> What you need to do: Retype word for word the stretch of entries below from the line that has "LMAO! Kid yells" through the line that has "MAYEERTY Lot de", and omit the pictures.

> Available data:

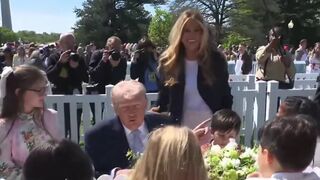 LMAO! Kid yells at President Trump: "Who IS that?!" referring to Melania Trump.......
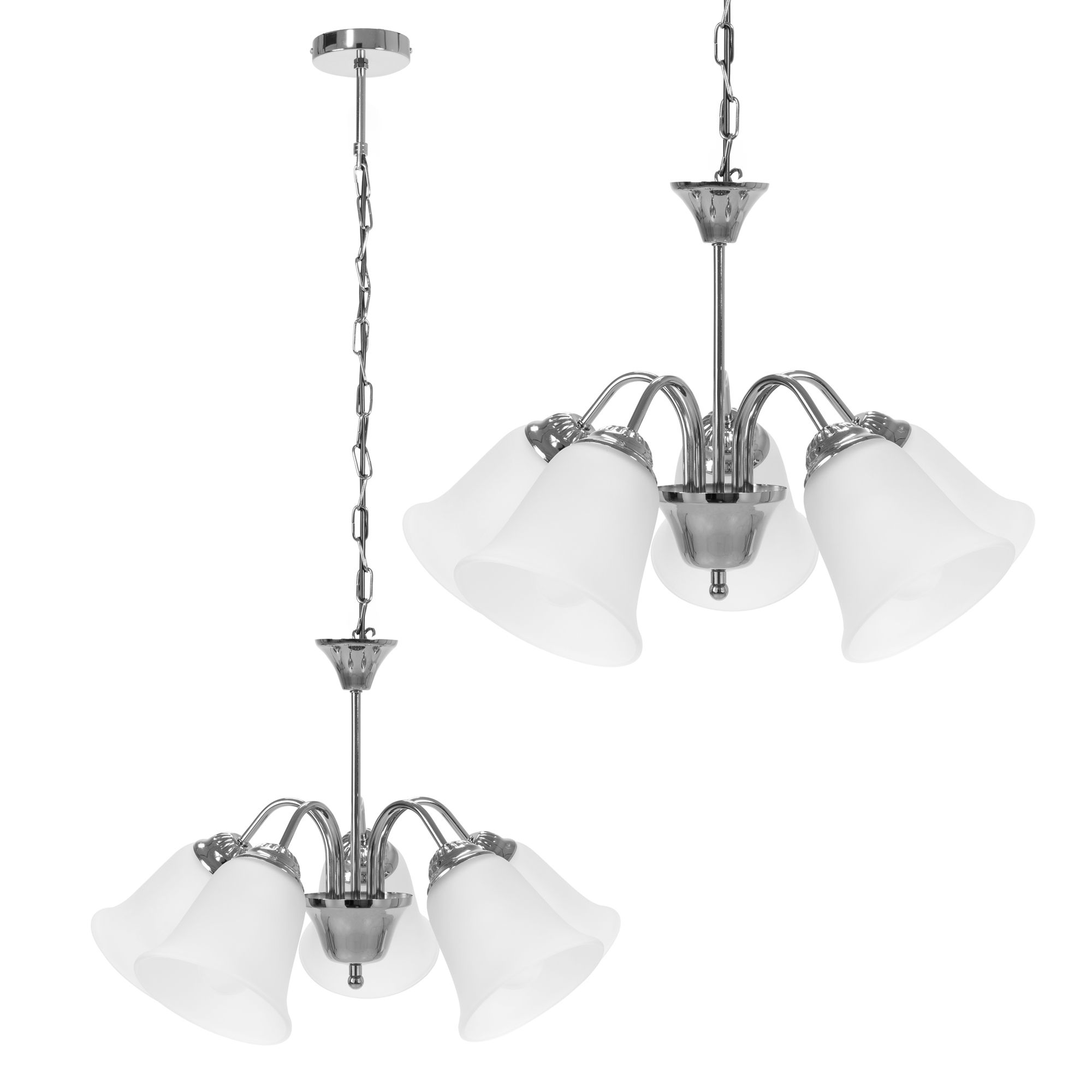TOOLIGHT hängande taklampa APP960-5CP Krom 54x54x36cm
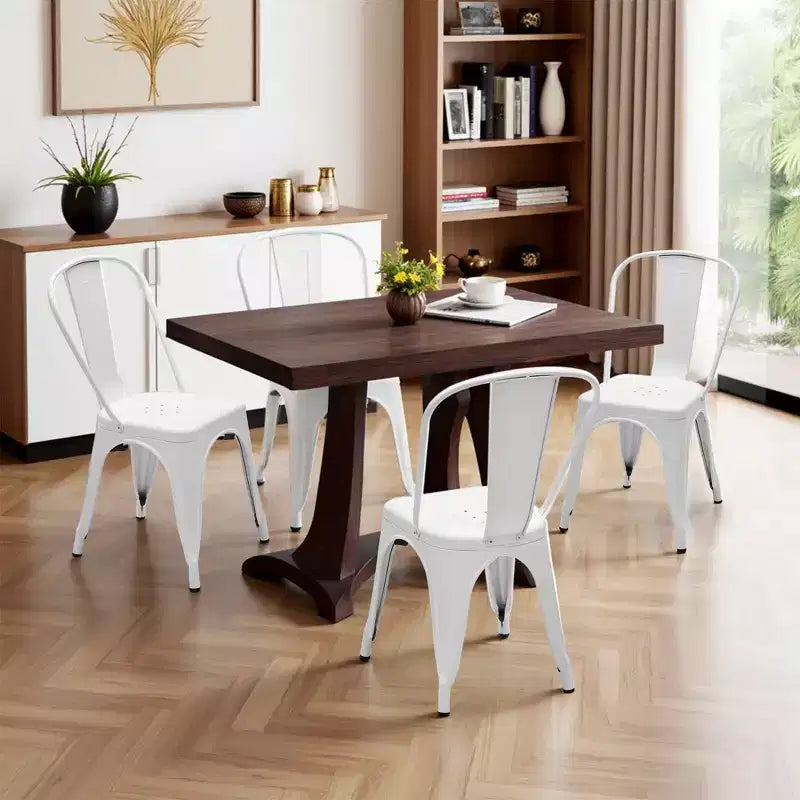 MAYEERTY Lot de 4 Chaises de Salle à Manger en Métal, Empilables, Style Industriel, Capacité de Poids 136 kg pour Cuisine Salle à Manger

...

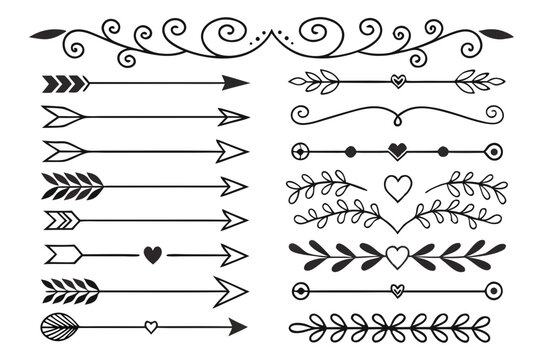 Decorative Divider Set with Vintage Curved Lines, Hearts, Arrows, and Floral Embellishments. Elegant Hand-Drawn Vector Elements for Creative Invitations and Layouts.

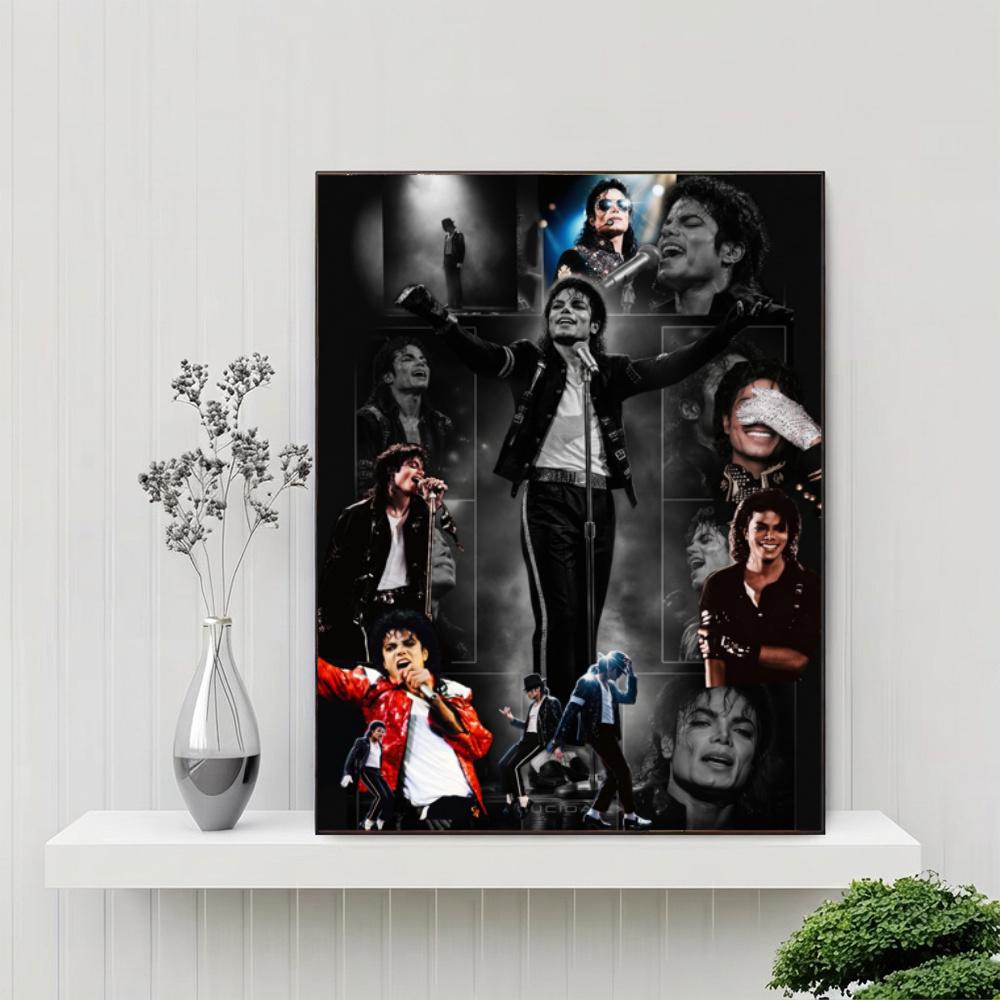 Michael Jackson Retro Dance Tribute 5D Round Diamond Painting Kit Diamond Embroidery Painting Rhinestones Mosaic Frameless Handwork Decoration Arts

> Answer for the task:
 LMAO! Kid yells at President Trump: "Who IS that?!" referring to Melania Trump.......
TOOLIGHT hängande taklampa APP960-5CP Krom 54x54x36cm
 MAYEERTY Lot de 4 Chaises de Salle à Manger en Métal, Empilables, Style Industriel, Capacité de Poids 136 kg pour Cuisine Salle à Manger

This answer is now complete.